======== Recorded data
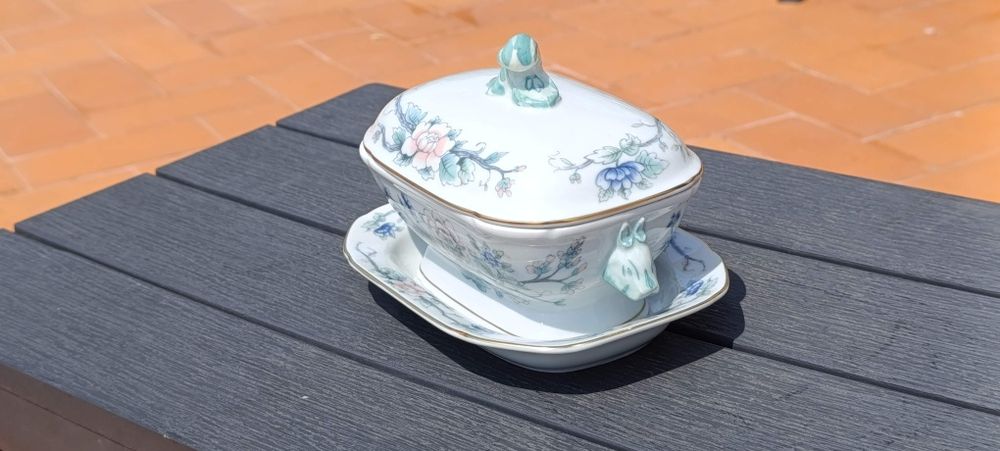 Terrina com Tampa e Travessa - Porcelana Vista Alegre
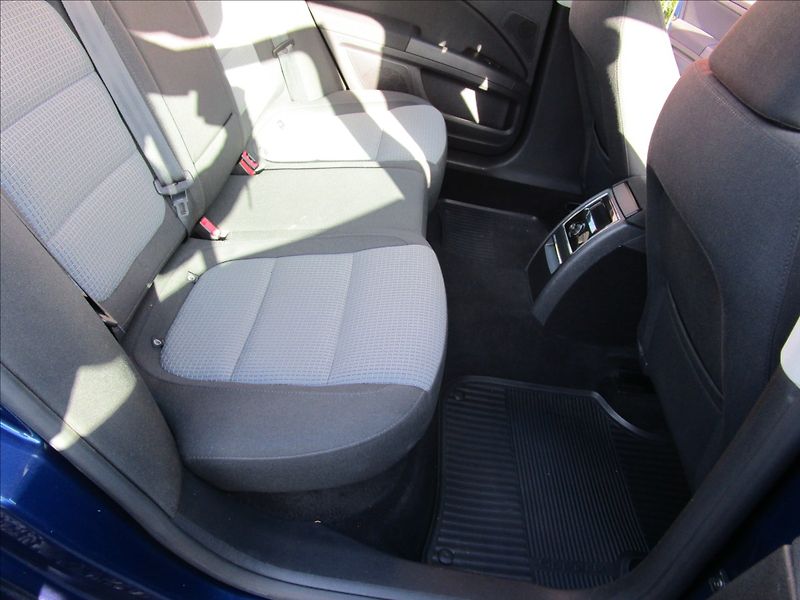 Škoda Superb Combi 2.0TDi Ambi, aut. Klima - fotka 22 z 40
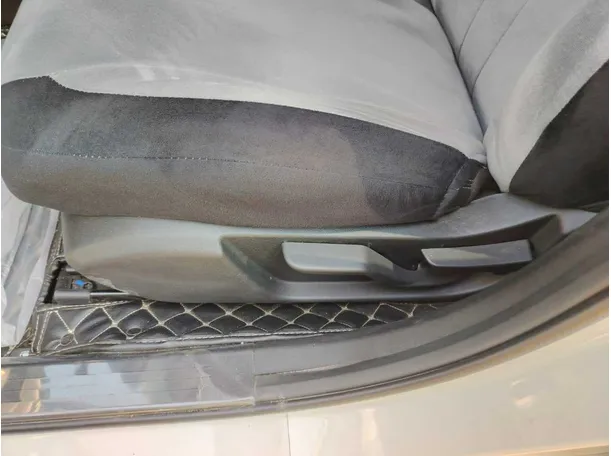 Car image 37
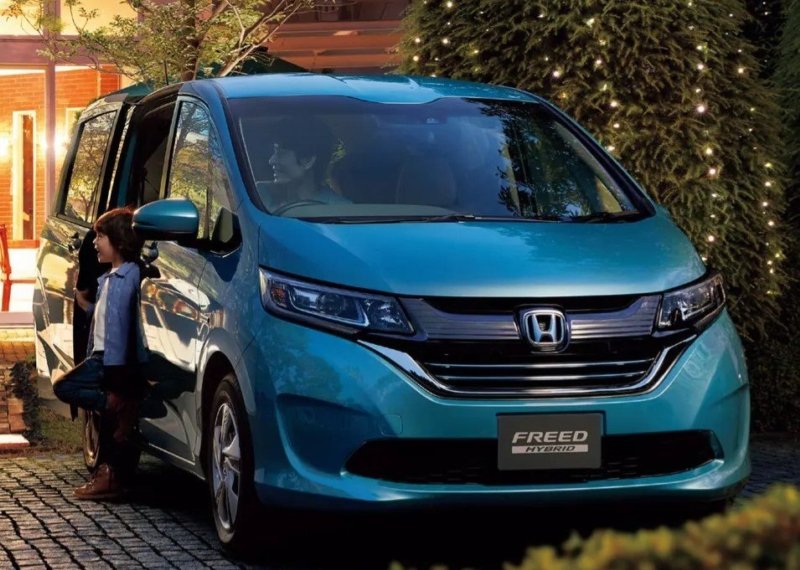Бампер Honda Freed GB8 LEB 2016 передний (б/у)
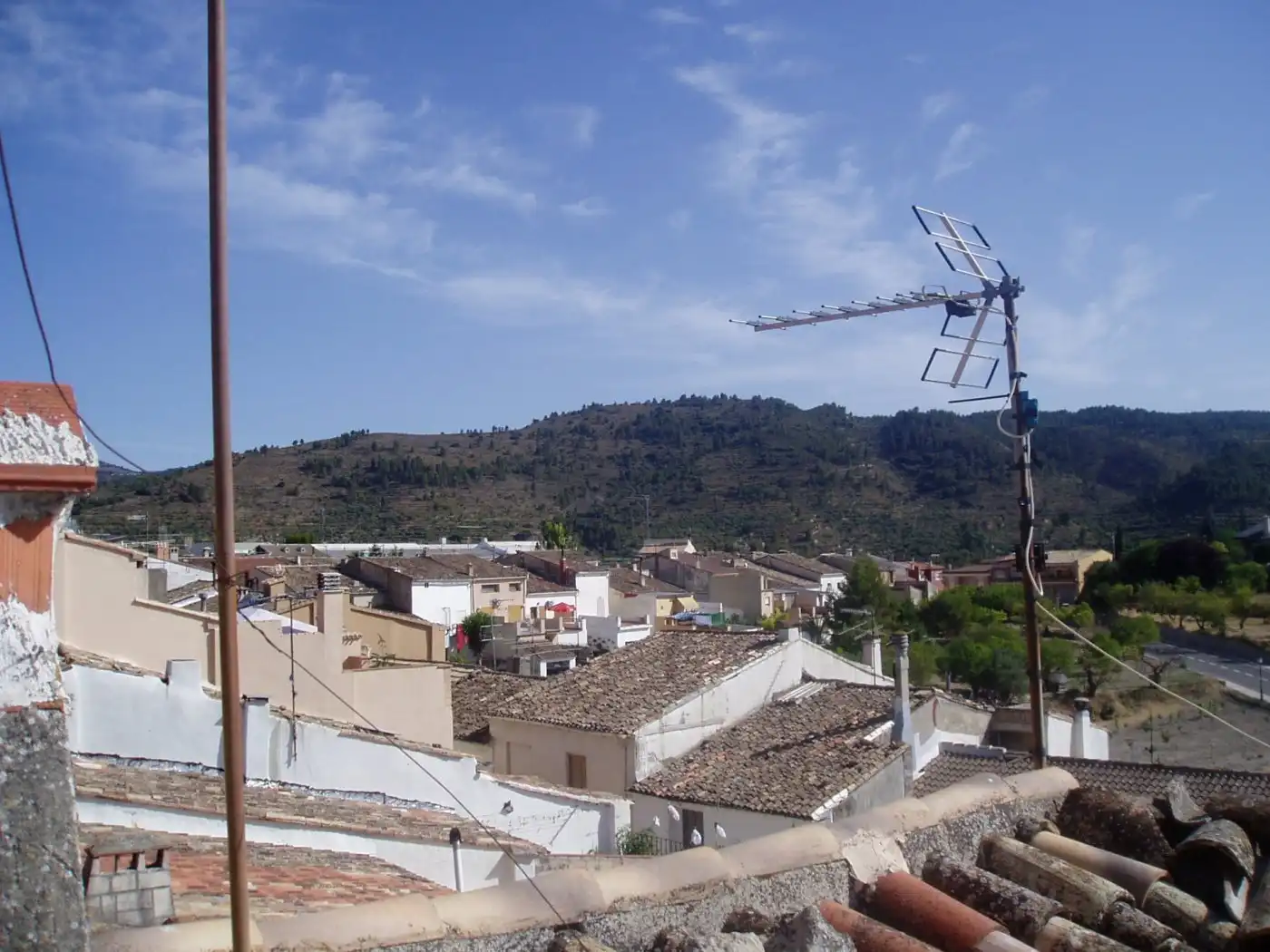 Vista exterior de Finca rústica en venda en Benasau amb Terrassa i Balcó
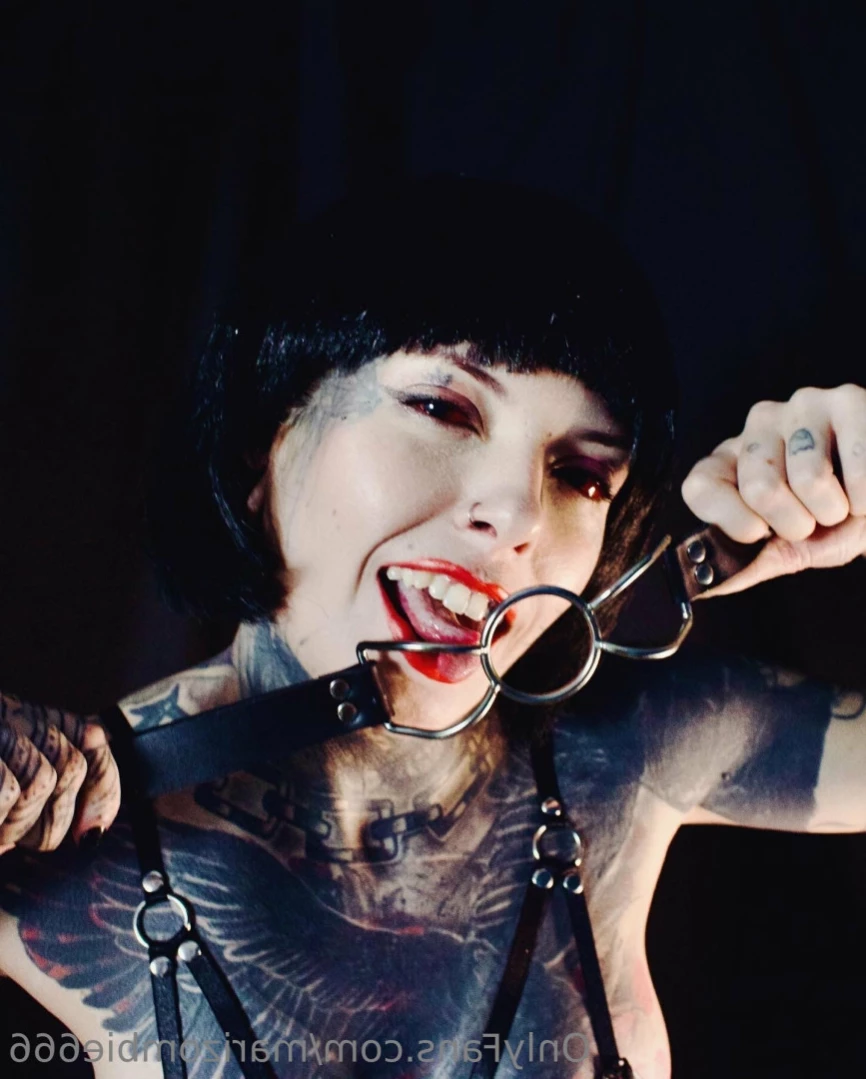 𝔐𝔞𝔯𝔦 ℨ𝔬𝔪𝔟𝔦𝔢 † [ marizombie666 ] Onlyfans leaked photo 12638781 on Hotleaks.tv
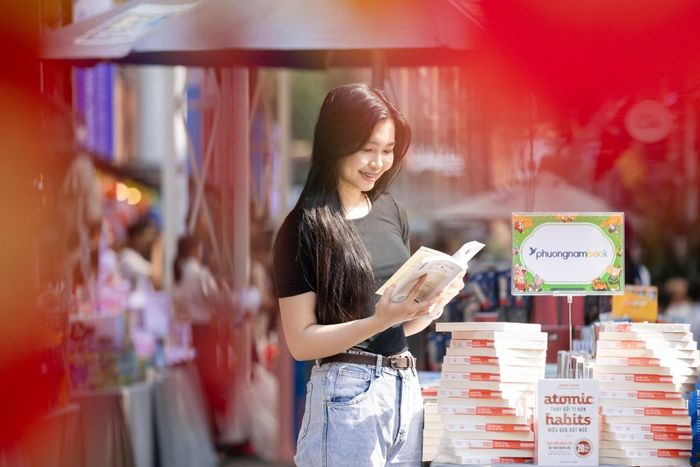 Ban Thường vụ Thành ủy TP.HCM đặt mục tiêu đến năm 2045, ngành xuất bản thành phố phát triển thành ngành công nghiệp văn hóa - tri thức hiện đại. Ảnh: Phương Lâm.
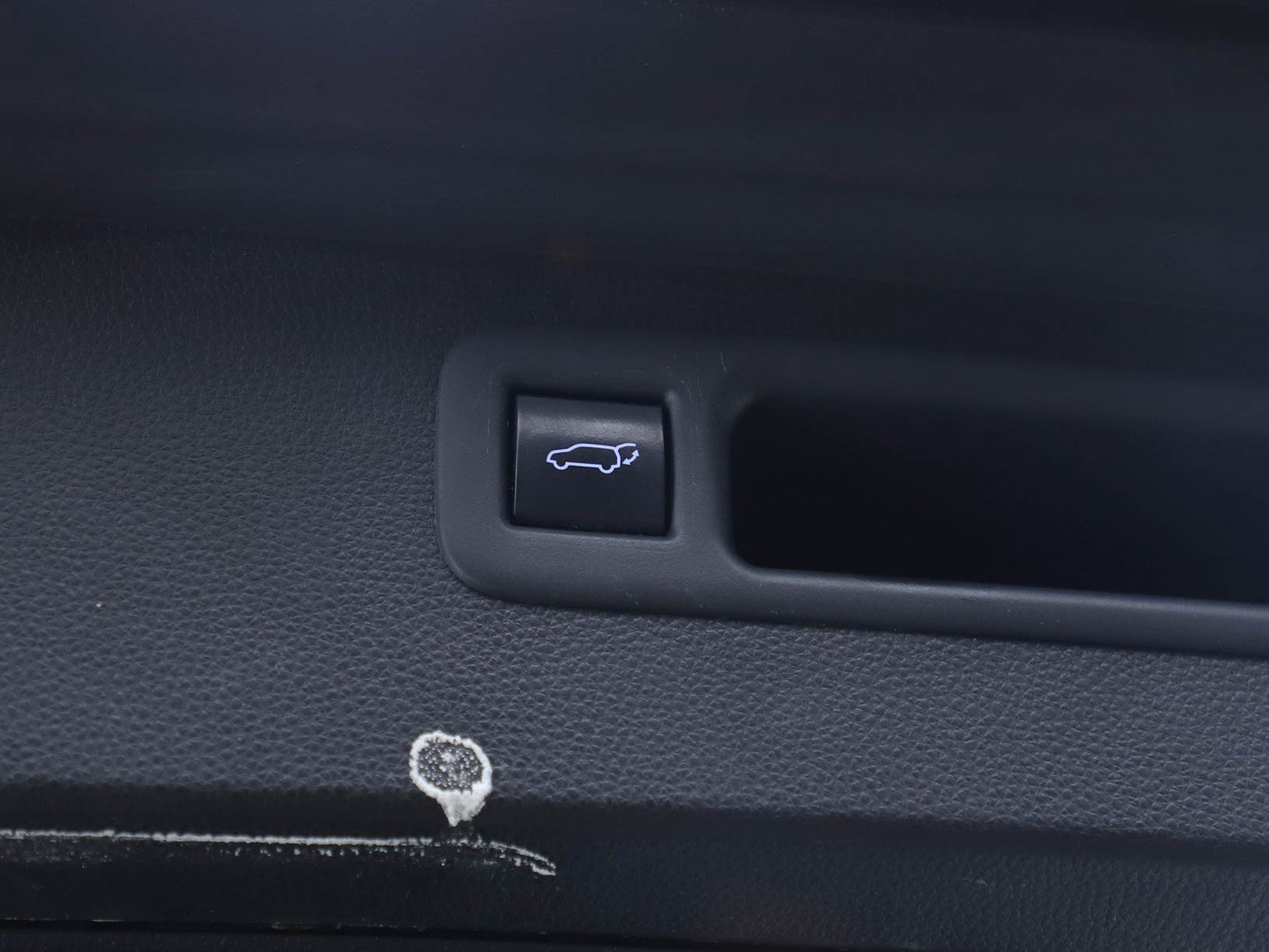 Used 2020 Toyota Highlander Platinum image 18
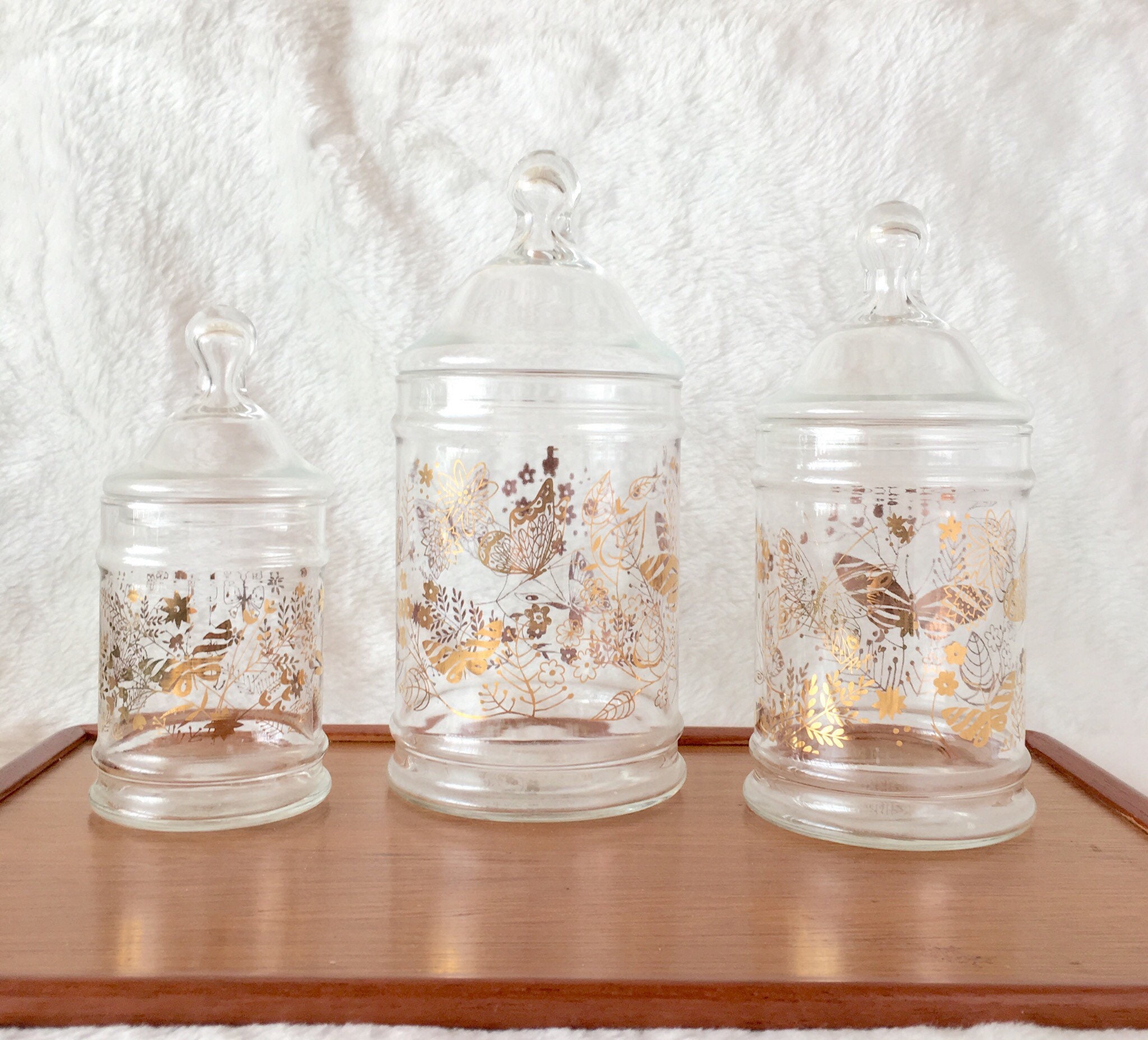 Decorative Centerpiece Storage Container Solution 9-inch Round Clear Vintage Lidded Glass Candy Jar Large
================
:: Exercise directions ::
Copy exactly the lines from the first line of the records above through the line with "Ban Thường vụ", both included, and nothing else. Pictures stay out.

:: The completed task ::
 Terrina com Tampa e Travessa - Porcelana Vista Alegre
 Škoda Superb Combi 2.0TDi Ambi, aut. Klima - fotka 22 z 40
 Car image 37
Бампер Honda Freed GB8 LEB 2016 передний (б/у)
 Vista exterior de Finca rústica en venda en Benasau amb Terrassa i Balcó
 𝔐𝔞𝔯𝔦 ℨ𝔬𝔪𝔟𝔦𝔢 † [ marizombie666 ] Onlyfans leaked photo 12638781 on Hotleaks.tv
 Ban Thường vụ Thành ủy TP.HCM đặt mục tiêu đến năm 2045, ngành xuất bản thành phố phát triển thành ngành công nghiệp văn hóa - tri thức hiện đại. Ảnh: Phương Lâm.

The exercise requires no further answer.